> [Collected data]:
- - -

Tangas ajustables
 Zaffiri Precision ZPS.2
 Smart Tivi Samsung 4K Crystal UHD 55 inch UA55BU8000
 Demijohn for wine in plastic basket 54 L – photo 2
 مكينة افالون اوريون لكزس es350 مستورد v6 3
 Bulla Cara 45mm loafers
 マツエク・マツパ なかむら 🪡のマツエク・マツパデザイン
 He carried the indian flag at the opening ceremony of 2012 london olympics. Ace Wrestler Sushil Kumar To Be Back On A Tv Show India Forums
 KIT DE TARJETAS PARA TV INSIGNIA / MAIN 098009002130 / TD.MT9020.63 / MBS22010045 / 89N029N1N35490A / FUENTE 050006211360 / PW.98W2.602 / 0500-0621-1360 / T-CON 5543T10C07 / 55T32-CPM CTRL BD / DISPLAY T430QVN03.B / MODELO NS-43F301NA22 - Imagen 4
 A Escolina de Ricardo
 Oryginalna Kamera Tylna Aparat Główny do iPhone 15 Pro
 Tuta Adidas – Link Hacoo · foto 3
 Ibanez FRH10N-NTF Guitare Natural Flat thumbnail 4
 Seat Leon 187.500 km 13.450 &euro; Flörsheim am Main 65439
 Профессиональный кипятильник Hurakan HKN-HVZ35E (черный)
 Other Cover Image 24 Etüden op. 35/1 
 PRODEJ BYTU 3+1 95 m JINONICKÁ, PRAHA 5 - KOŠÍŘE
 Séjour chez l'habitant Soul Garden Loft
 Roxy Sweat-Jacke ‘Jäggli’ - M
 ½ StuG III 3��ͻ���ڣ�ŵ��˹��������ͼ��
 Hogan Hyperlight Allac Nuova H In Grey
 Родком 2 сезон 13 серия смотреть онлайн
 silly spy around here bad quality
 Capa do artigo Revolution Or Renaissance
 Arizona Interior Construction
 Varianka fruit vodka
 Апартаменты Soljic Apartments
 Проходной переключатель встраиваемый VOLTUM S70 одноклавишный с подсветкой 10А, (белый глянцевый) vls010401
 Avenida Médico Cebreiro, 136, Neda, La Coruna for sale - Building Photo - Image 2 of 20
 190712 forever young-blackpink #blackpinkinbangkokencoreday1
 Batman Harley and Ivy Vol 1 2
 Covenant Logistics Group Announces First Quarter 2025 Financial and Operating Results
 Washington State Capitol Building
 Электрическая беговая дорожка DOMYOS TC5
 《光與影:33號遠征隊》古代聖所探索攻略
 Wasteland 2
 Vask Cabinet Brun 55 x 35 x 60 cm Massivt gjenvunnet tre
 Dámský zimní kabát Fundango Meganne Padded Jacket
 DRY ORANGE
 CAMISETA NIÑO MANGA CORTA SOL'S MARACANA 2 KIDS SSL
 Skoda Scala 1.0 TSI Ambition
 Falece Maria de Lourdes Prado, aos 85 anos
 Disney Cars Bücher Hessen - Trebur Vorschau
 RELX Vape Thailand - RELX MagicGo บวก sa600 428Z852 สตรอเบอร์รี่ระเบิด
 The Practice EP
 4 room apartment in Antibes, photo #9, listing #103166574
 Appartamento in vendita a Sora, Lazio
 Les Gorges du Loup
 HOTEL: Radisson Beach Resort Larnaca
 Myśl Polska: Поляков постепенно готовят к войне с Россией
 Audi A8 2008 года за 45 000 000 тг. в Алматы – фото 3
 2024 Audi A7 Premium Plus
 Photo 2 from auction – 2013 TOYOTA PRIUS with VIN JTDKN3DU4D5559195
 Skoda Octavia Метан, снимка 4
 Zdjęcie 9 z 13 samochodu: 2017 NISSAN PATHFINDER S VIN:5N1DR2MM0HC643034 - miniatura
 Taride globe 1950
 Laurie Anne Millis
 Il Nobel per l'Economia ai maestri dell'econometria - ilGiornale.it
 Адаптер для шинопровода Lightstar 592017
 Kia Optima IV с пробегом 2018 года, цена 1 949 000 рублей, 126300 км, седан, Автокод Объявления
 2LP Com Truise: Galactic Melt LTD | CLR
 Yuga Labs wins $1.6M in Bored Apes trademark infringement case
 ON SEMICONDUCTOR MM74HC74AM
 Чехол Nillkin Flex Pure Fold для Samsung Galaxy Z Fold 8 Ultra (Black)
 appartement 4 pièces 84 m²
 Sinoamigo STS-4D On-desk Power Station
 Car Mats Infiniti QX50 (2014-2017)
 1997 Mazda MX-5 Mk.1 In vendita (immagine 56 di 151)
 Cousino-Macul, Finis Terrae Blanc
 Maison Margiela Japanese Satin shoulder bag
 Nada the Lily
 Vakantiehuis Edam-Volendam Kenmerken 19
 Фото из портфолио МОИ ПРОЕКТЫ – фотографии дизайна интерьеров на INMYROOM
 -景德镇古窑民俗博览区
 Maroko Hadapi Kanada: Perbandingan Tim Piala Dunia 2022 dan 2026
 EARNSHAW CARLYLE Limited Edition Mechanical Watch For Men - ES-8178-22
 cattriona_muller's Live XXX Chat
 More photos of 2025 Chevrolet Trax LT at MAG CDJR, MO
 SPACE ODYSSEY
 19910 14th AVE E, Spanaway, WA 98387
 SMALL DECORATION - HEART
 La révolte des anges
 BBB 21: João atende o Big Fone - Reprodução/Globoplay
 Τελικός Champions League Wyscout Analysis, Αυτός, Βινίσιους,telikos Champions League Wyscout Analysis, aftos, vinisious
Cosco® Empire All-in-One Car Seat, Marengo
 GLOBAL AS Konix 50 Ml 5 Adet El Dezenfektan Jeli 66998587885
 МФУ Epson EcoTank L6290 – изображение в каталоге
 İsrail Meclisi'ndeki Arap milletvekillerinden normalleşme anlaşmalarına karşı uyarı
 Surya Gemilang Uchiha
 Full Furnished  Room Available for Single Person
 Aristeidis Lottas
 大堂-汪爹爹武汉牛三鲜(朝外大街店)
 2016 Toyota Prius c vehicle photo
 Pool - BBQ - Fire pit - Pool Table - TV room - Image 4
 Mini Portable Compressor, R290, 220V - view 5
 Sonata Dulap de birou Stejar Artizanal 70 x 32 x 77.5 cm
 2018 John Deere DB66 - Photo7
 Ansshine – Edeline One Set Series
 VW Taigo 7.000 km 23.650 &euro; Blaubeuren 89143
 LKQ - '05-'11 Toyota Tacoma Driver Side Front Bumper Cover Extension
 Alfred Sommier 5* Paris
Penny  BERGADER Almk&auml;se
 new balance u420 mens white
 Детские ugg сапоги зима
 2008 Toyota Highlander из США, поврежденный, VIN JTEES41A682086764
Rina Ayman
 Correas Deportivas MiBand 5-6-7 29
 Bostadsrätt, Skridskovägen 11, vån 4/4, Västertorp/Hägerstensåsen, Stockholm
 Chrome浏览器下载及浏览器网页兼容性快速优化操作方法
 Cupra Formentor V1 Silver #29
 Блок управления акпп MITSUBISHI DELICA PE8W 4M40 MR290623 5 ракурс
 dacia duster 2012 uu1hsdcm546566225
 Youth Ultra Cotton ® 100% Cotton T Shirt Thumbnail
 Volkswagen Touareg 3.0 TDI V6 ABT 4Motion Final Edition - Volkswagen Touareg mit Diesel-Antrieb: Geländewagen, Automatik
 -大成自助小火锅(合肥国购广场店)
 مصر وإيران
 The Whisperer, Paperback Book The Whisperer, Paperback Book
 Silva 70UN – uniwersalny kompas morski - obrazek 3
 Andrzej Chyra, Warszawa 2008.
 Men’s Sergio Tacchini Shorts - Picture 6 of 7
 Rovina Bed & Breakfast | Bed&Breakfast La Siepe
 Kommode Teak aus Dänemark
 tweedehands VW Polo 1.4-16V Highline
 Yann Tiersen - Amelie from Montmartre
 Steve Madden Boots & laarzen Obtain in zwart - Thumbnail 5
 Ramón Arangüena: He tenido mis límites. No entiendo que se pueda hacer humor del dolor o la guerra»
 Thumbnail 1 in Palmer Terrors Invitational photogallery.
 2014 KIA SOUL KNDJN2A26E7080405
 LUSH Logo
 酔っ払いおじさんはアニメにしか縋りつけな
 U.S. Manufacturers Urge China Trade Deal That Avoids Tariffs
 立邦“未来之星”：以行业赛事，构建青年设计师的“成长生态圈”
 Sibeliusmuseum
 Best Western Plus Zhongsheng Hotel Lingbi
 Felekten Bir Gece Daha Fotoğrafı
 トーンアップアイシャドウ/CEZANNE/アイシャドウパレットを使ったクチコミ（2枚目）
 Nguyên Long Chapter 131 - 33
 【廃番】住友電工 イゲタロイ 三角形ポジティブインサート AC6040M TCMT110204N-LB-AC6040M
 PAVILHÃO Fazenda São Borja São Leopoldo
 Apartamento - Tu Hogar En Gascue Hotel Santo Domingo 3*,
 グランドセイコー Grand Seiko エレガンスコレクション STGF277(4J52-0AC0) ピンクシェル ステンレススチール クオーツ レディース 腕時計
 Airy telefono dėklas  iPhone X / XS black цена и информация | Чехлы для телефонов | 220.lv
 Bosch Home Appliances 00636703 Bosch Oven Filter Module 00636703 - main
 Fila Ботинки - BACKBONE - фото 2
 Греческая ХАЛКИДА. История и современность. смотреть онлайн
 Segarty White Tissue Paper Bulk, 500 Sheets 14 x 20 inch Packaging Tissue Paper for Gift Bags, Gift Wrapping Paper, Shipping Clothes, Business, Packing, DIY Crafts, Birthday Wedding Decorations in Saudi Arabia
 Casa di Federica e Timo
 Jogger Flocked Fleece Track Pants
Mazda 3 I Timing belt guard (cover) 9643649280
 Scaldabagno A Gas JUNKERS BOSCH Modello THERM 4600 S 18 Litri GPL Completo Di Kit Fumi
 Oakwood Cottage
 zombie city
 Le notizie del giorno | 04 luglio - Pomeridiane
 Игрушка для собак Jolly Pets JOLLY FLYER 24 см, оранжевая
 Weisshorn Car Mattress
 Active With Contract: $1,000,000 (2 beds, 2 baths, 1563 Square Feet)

- - -

> [What to do]: Copy the lines above exactly. Start with the line containing "Séjour chez l'habitant Soul Garden Loft", end with the line containing "Адаптер для шинопровода Lightstar 592017", and include both.

> [Expected output]:
 Séjour chez l'habitant Soul Garden Loft
 Roxy Sweat-Jacke ‘Jäggli’ - M
 ½ StuG III 3��ͻ���ڣ�ŵ��˹��������ͼ��
 Hogan Hyperlight Allac Nuova H In Grey
 Родком 2 сезон 13 серия смотреть онлайн
 silly spy around here bad quality
 Capa do artigo Revolution Or Renaissance
 Arizona Interior Construction
 Varianka fruit vodka
 Апартаменты Soljic Apartments
 Проходной переключатель встраиваемый VOLTUM S70 одноклавишный с подсветкой 10А, (белый глянцевый) vls010401
 Avenida Médico Cebreiro, 136, Neda, La Coruna for sale - Building Photo - Image 2 of 20
 190712 forever young-blackpink #blackpinkinbangkokencoreday1
 Batman Harley and Ivy Vol 1 2
 Covenant Logistics Group Announces First Quarter 2025 Financial and Operating Results
 Washington State Capitol Building
 Электрическая беговая дорожка DOMYOS TC5
 《光與影:33號遠征隊》古代聖所探索攻略
 Wasteland 2
 Vask Cabinet Brun 55 x 35 x 60 cm Massivt gjenvunnet tre
 Dámský zimní kabát Fundango Meganne Padded Jacket
 DRY ORANGE
 CAMISETA NIÑO MANGA CORTA SOL'S MARACANA 2 KIDS SSL
 Skoda Scala 1.0 TSI Ambition
 Falece Maria de Lourdes Prado, aos 85 anos
 Disney Cars Bücher Hessen - Trebur Vorschau
 RELX Vape Thailand - RELX MagicGo บวก sa600 428Z852 สตรอเบอร์รี่ระเบิด
 The Practice EP
 4 room apartment in Antibes, photo #9, listing #103166574
 Appartamento in vendita a Sora, Lazio
 Les Gorges du Loup
 HOTEL: Radisson Beach Resort Larnaca
 Myśl Polska: Поляков постепенно готовят к войне с Россией
 Audi A8 2008 года за 45 000 000 тг. в Алматы – фото 3
 2024 Audi A7 Premium Plus
 Photo 2 from auction – 2013 TOYOTA PRIUS with VIN JTDKN3DU4D5559195
 Skoda Octavia Метан, снимка 4
 Zdjęcie 9 z 13 samochodu: 2017 NISSAN PATHFINDER S VIN:5N1DR2MM0HC643034 - miniatura
 Taride globe 1950
 Laurie Anne Millis
 Il Nobel per l'Economia ai maestri dell'econometria - ilGiornale.it
 Адаптер для шинопровода Lightstar 592017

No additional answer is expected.